__INPUT DATA__
------------------------------------
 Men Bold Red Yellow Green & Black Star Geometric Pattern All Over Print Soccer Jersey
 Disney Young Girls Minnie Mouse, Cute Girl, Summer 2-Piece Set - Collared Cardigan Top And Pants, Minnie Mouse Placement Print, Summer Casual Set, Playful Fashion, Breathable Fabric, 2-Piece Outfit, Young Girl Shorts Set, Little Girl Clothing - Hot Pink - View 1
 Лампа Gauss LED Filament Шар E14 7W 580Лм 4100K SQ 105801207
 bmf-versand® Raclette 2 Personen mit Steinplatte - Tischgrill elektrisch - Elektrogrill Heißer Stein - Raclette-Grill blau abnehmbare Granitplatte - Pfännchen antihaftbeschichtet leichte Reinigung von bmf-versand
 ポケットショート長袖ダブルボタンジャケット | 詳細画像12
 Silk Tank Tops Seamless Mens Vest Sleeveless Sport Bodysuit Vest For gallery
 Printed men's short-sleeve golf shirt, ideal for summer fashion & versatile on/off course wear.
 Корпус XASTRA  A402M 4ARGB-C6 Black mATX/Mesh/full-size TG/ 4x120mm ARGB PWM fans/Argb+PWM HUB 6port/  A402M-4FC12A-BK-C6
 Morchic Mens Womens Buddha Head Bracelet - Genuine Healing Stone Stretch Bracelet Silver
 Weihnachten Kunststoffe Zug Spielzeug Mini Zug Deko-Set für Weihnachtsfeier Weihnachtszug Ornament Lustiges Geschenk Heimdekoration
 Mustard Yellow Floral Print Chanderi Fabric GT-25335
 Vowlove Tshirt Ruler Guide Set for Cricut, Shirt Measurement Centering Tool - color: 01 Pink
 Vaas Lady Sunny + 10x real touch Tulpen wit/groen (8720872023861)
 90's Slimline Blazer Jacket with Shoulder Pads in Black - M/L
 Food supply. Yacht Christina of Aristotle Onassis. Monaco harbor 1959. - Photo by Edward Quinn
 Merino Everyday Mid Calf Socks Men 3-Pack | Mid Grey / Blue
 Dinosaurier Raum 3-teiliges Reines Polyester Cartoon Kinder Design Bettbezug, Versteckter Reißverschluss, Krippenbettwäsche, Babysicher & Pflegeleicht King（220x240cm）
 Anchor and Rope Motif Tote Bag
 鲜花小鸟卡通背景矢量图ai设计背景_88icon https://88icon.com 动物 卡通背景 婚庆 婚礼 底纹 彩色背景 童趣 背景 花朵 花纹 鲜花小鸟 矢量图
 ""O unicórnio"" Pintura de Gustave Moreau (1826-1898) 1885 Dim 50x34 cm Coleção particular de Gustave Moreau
------------------------------------
Every entry that appears above should be duplicated exactly.

__YOUR SOLUTION__
 Men Bold Red Yellow Green & Black Star Geometric Pattern All Over Print Soccer Jersey
 Disney Young Girls Minnie Mouse, Cute Girl, Summer 2-Piece Set - Collared Cardigan Top And Pants, Minnie Mouse Placement Print, Summer Casual Set, Playful Fashion, Breathable Fabric, 2-Piece Outfit, Young Girl Shorts Set, Little Girl Clothing - Hot Pink - View 1
 Лампа Gauss LED Filament Шар E14 7W 580Лм 4100K SQ 105801207
 bmf-versand® Raclette 2 Personen mit Steinplatte - Tischgrill elektrisch - Elektrogrill Heißer Stein - Raclette-Grill blau abnehmbare Granitplatte - Pfännchen antihaftbeschichtet leichte Reinigung von bmf-versand
 ポケットショート長袖ダブルボタンジャケット | 詳細画像12
 Silk Tank Tops Seamless Mens Vest Sleeveless Sport Bodysuit Vest For gallery
 Printed men's short-sleeve golf shirt, ideal for summer fashion & versatile on/off course wear.
 Корпус XASTRA  A402M 4ARGB-C6 Black mATX/Mesh/full-size TG/ 4x120mm ARGB PWM fans/Argb+PWM HUB 6port/  A402M-4FC12A-BK-C6
 Morchic Mens Womens Buddha Head Bracelet - Genuine Healing Stone Stretch Bracelet Silver
 Weihnachten Kunststoffe Zug Spielzeug Mini Zug Deko-Set für Weihnachtsfeier Weihnachtszug Ornament Lustiges Geschenk Heimdekoration
 Mustard Yellow Floral Print Chanderi Fabric GT-25335
 Vowlove Tshirt Ruler Guide Set for Cricut, Shirt Measurement Centering Tool - color: 01 Pink
 Vaas Lady Sunny + 10x real touch Tulpen wit/groen (8720872023861)
 90's Slimline Blazer Jacket with Shoulder Pads in Black - M/L
 Food supply. Yacht Christina of Aristotle Onassis. Monaco harbor 1959. - Photo by Edward Quinn
 Merino Everyday Mid Calf Socks Men 3-Pack | Mid Grey / Blue
 Dinosaurier Raum 3-teiliges Reines Polyester Cartoon Kinder Design Bettbezug, Versteckter Reißverschluss, Krippenbettwäsche, Babysicher & Pflegeleicht King（220x240cm）
 Anchor and Rope Motif Tote Bag
 鲜花小鸟卡通背景矢量图ai设计背景_88icon https://88icon.com 动物 卡通背景 婚庆 婚礼 底纹 彩色背景 童趣 背景 花朵 花纹 鲜花小鸟 矢量图
 ""O unicórnio"" Pintura de Gustave Moreau (1826-1898) 1885 Dim 50x34 cm Coleção particular de Gustave Moreau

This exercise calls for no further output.